Question

The pressure and density of a diatomic gas $ \left(\gamma=\dfrac{7}{5}\right) $ change adiabatically from $ \left(P_{1}, \rho_{1}\right) $ to $ \left(P_{2}, \rho_{2}\right) . $ If $ \dfrac{\rho_{2}}{\rho_{1}}=32, $ then $ \dfrac{P_{2}}{P_{1}} $ should be
(A) 126
(B) 128
(C) 146
(D) 124

Answer 1

Hint
We know that an adiabatic process occurs without transferring heat or mass between a thermodynamic system and its surroundings. Unlike an isothermal process, an adiabatic process transfers energy to the surroundings only as work. Heating in a called adiabatic condition occurs when the pressure of a gas is increased by the work done on it. An example of adiabatic heating is that of a heat engine piston that compresses a gas contained within a cylinder. Gas compression leads to a temperature rise. Adiabatic processes are not fast generally, if we have well insulated piston cylinder arrangement then we can obtain a very slow adiabatic process, if the pressure available in the cylinder causes a small net force to move the load.

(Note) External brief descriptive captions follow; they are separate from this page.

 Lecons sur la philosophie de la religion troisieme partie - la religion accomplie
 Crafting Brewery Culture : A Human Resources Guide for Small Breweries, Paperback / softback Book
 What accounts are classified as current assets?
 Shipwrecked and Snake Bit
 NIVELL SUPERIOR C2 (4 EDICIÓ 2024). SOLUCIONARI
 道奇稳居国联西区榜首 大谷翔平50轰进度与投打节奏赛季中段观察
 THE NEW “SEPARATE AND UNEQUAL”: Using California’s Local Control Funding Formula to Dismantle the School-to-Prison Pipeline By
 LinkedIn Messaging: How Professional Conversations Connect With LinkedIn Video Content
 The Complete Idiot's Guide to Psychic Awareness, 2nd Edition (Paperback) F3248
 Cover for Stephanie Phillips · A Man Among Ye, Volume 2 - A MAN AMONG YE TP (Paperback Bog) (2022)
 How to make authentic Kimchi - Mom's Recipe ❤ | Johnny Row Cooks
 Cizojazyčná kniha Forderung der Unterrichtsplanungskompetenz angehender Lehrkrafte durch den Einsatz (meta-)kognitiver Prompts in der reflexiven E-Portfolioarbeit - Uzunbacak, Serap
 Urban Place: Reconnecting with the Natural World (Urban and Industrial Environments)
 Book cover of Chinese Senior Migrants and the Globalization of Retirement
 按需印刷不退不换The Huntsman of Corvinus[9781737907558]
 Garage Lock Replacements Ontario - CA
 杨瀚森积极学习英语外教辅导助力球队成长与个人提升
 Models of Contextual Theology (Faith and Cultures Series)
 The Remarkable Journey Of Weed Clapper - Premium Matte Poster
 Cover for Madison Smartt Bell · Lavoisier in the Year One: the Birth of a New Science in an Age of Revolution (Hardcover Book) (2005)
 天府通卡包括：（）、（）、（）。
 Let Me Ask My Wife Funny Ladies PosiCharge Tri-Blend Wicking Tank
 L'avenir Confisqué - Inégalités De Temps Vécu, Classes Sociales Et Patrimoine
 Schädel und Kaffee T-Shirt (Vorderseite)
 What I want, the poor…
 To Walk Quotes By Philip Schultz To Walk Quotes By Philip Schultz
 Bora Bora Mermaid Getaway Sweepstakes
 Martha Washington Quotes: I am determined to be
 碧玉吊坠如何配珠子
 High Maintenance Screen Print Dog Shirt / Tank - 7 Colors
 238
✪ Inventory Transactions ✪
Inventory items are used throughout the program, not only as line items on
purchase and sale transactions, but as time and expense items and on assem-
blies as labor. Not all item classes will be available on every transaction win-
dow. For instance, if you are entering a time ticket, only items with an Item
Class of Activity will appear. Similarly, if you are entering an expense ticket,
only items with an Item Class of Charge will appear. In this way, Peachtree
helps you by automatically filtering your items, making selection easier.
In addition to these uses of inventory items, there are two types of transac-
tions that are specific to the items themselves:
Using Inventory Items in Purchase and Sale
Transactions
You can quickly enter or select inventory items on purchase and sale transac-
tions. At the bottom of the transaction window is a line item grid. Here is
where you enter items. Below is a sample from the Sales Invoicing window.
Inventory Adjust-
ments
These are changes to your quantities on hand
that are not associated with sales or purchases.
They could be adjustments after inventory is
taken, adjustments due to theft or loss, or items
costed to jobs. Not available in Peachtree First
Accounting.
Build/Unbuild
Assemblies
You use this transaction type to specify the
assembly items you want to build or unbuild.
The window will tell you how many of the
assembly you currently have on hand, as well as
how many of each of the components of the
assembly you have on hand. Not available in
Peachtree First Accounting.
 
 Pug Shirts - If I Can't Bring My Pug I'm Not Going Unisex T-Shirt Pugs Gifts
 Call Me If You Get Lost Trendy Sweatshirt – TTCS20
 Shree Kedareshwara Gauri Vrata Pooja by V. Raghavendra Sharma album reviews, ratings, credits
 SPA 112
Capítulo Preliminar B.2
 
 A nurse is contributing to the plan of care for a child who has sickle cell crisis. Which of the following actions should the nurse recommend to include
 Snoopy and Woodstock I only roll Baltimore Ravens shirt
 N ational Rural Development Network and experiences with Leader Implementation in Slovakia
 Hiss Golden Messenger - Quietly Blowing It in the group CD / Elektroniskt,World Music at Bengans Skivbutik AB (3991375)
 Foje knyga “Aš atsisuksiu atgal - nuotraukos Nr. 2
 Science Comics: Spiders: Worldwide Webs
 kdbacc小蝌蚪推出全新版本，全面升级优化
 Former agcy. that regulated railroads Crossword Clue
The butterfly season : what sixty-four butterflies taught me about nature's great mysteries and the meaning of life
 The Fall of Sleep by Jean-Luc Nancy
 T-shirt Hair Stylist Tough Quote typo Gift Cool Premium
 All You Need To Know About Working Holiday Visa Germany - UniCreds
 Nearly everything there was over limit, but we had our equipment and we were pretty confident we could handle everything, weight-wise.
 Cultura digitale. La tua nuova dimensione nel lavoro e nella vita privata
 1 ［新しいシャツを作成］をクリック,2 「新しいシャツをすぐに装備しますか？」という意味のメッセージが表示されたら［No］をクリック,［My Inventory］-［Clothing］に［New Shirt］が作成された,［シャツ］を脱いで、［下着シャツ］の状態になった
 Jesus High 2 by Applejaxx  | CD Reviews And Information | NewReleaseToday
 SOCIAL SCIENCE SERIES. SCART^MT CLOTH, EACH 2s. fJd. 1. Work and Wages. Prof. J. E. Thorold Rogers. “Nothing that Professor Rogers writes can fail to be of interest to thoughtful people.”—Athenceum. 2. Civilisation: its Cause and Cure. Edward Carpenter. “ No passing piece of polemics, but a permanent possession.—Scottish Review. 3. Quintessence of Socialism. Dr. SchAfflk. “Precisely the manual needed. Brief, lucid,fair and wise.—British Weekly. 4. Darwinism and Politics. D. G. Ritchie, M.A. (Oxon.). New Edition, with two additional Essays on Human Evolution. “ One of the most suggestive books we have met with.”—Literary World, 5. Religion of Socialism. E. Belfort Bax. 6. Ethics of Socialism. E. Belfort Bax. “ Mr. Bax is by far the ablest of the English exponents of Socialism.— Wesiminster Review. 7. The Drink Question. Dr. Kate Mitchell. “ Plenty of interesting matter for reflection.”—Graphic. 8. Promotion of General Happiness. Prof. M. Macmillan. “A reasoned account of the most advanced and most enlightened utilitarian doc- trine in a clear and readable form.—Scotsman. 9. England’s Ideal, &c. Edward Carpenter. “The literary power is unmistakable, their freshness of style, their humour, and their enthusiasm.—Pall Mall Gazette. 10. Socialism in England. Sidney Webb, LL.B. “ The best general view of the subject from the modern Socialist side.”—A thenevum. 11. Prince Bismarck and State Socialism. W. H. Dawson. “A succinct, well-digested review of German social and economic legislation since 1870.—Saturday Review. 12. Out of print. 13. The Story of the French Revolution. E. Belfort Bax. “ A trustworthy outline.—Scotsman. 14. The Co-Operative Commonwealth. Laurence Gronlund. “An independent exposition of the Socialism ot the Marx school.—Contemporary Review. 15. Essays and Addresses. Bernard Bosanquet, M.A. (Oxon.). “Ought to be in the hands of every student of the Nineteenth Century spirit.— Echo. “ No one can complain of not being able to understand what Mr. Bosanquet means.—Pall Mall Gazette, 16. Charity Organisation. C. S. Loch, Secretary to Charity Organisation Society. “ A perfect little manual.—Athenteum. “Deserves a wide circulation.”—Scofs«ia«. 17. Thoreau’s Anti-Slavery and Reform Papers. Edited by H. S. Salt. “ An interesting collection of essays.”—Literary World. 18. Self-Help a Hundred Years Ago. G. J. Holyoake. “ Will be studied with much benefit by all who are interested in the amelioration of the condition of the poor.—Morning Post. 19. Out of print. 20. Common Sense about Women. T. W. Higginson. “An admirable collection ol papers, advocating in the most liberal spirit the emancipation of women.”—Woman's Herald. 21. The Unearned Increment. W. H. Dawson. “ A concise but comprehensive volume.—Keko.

Complete step by step answer
We know that,
For an adiabatic process,
 $ \mathrm{PV}^{\gamma}= $ constant
 $ \mathrm{P} \rho^{-\gamma}= $ constant
Therefore, we can equate,
 $ \dfrac{{{\text{P}}_{2}}}{{{\text{P}}_{1}}}={{\left( \dfrac{{{\rho }_{1}}}{{{\rho }_{2}}} \right)}^{-\gamma }} $
 $ ={{\left( \dfrac{1}{32} \right)}^{-7/5}} $
 $ ={{(32)}^{7/5}} $ $ \dfrac{\mathrm{P}_{2}}{\mathrm{P}_{1}}=\left(\dfrac{\rho_{1}}{\rho_{2}}\right)^{-\gamma}=\left(\dfrac{1}{32}\right)^{-7 / 5}=(32)^{7 / 5}=128 $
Therefore, the correct answer is Option (B).

Note
We know that a process without transfer of heat or matter to or from a system, so that Q = 0, is called adiabatic, and such a system is said to be adiabatically isolated. The assumption that a process is adiabatic is a frequently made simplifying assumption. An adiabatic process is one in which no heat is gained or lost by the system. The first law of thermodynamics with $Q=0$ shows that all the change in internal energy is in the form of work done. Entropy remains constant in an adiabatic process which is also reversible. Now, since the process is adiabatic, so the heat transfer is zero and so the entropy change is zero through heat transfer.